The workflow ends with the queue empty, the deep-read pile in your calendar, and the reference manager updated.
Why 90 minutes specifically
The 90 minutes is not arbitrary. It is the longest single block of focused reading-triage we have seen researchers maintain weekly past 6 months. 2-hour weekly blocks slip on busy weeks and then never recover. 60-minute blocks rush Steps 4-5 and the deep-read picks get worse.
90 minutes lets you give 60 seconds to most papers, 2-3 minutes to candidate papers, and 30 seconds for the rejected-with-note pass. It fits between two coffees on a Sunday morning. It does not eat your weekend.
What this workflow assumes
A few assumptions are baked in. They are worth naming.
You have an input pipeline that feeds the Friday-night queue. RSS feeds, newsletters (TLDR AI / The Batch / DIGEST / Alpha Signal), author whitelists, X / Bluesky lists. Without an input pipeline you have no queue to triage.
You have a reference manager you actually maintain. Zotero, Notion, Obsidian, plain markdown. The format matters less than your willingness to use it. Triage without a place to put the one-line notes is incomplete.
You are willing to deep-read 1-2 papers per week. If you are not, the workflow produces nothing useful — the triage exists to feed the deep-read habit.
If any of those three are missing, fix them first. The workflow does not work in isolation.

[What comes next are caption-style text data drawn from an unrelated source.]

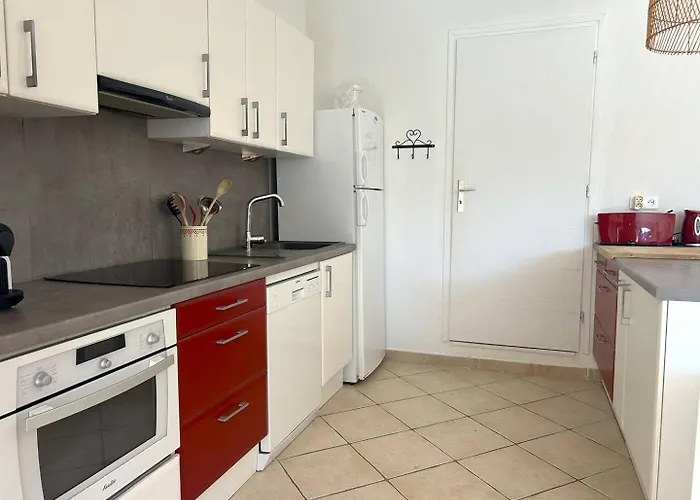 Mini-villa A 5 Minutes De La De Santa Giulia Villa *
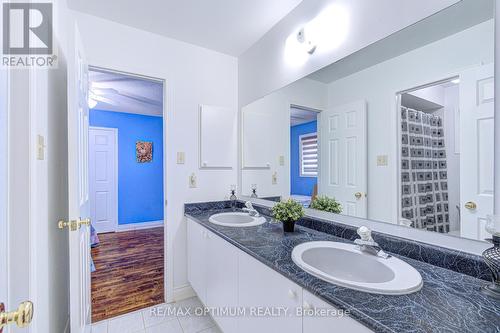 1466 Willowvale Gardens, Mississauga, ON - Indoor Photo Showing Bathroom
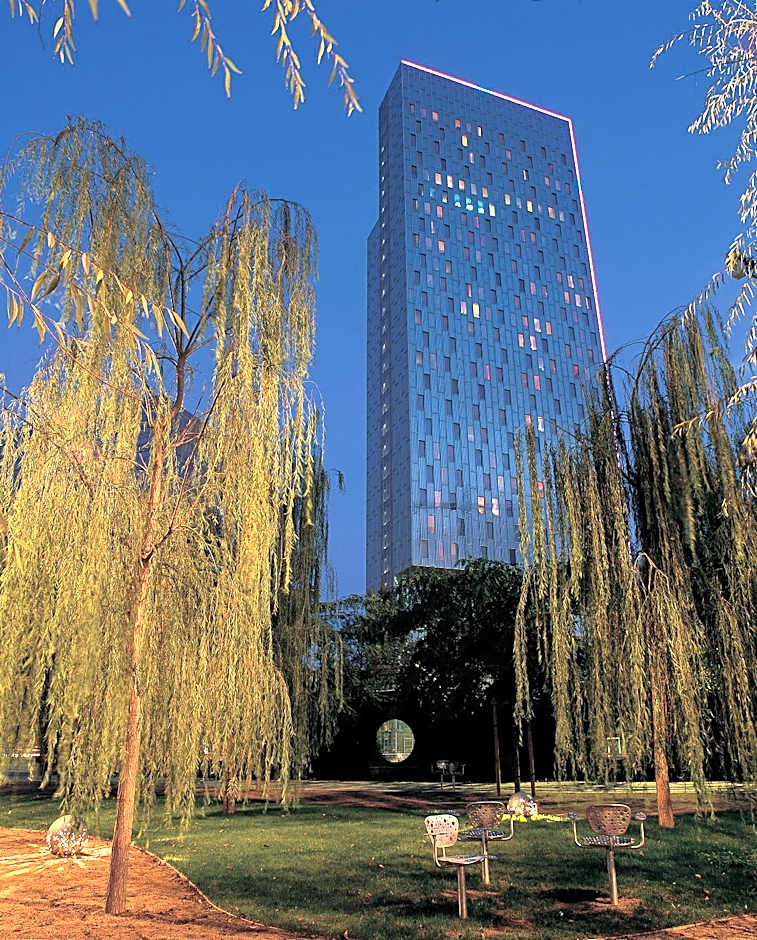 Meliá Barcelona Sky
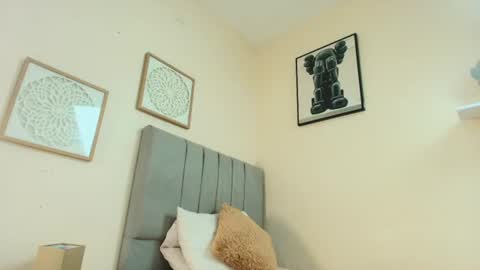 Snapshot of mary_cute9 chatting on July 22, 12:08 pm mary_cute9 online show from July 22, 12:08 pm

Where DIGEST fits in step 1
(Disclosure: we build DIGEST.) The Friday-night intake step is faster if the input pipeline does some of the triage signal for you. DIGEST's Quick Scan profile is shaped exactly for this — short summaries highlighting the contribution, organized per-category, delivered daily. By Friday you have a digest history that is already roughly priority-ordered.

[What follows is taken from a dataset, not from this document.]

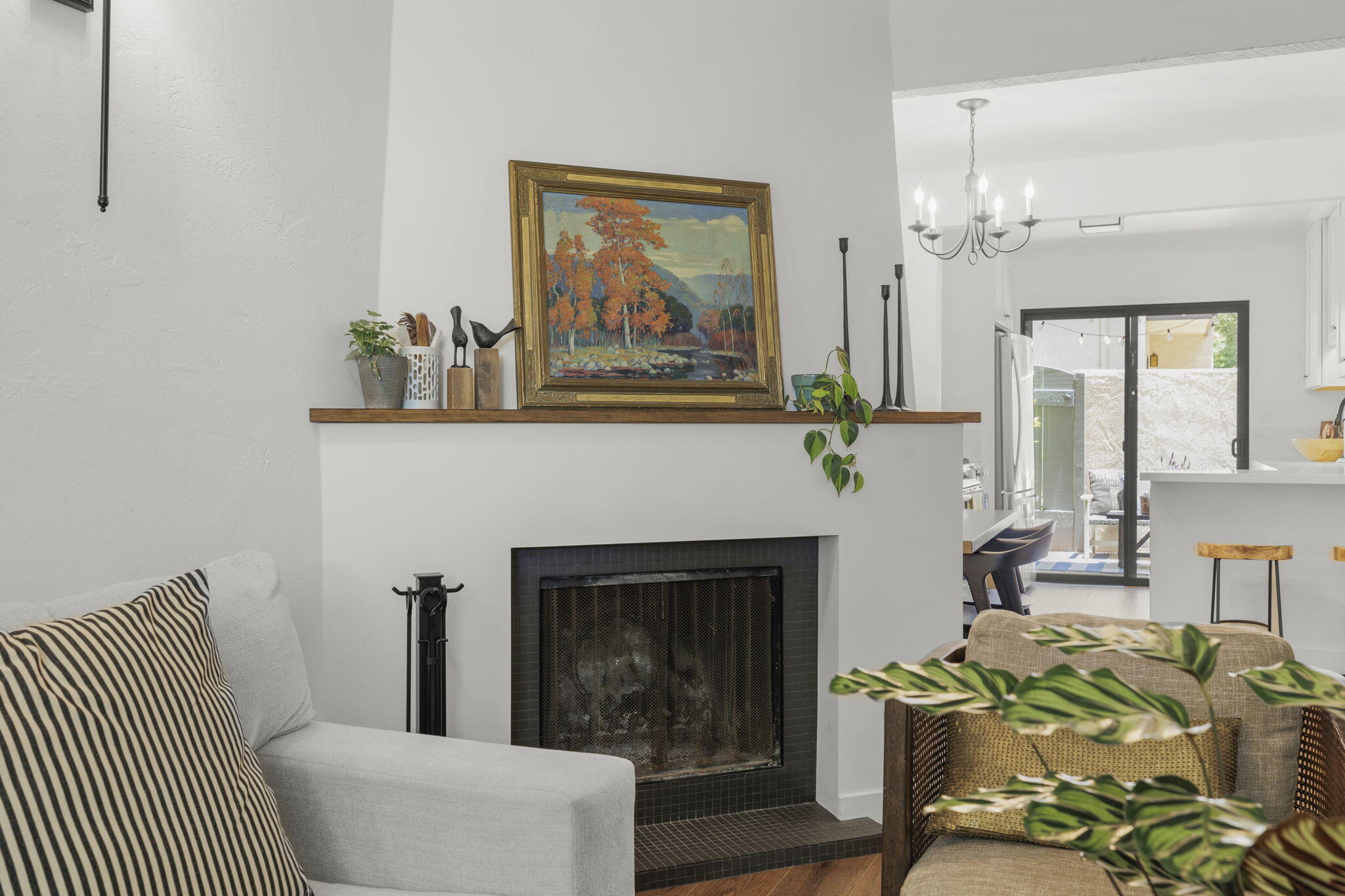 1932 N Jameson Lane B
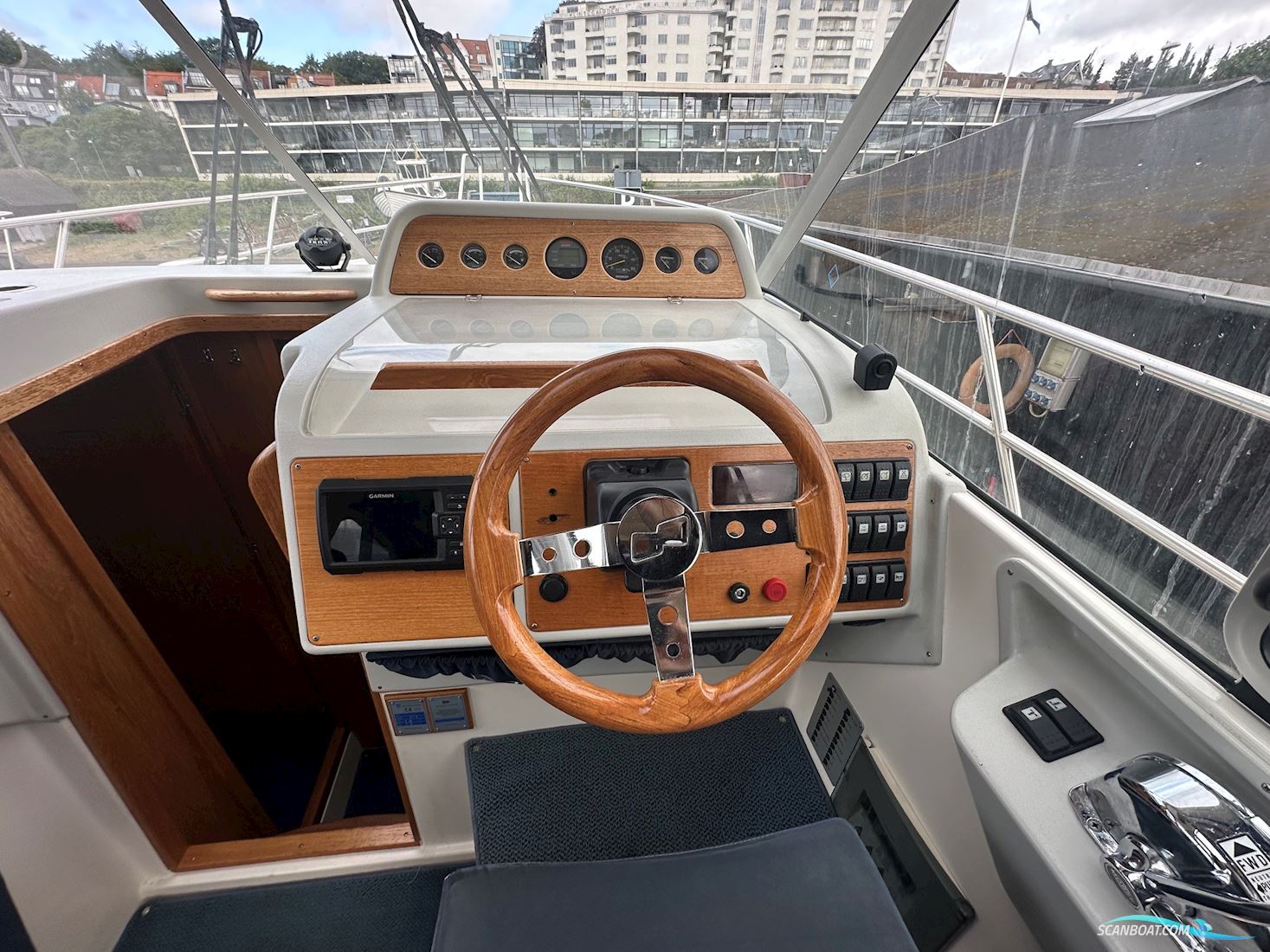 Nimbus 320 Coupe - SOLGT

This is not the only way to feed the queue. Author-whitelist RSS feeds work. Editorial newsletters work. DIGEST is one option if "auto-summarized arXiv per reader profile" matches your reading shape. The how-to-use page has a Quick Scan example.
The workflow is what matters, not the input source. If you are already maintaining a working pipeline, do not switch — the cost of switching pipelines usually exceeds the marginal gain.
Workflow audited against real-researcher feedback in 2026-Q2. Reviewed quarterly.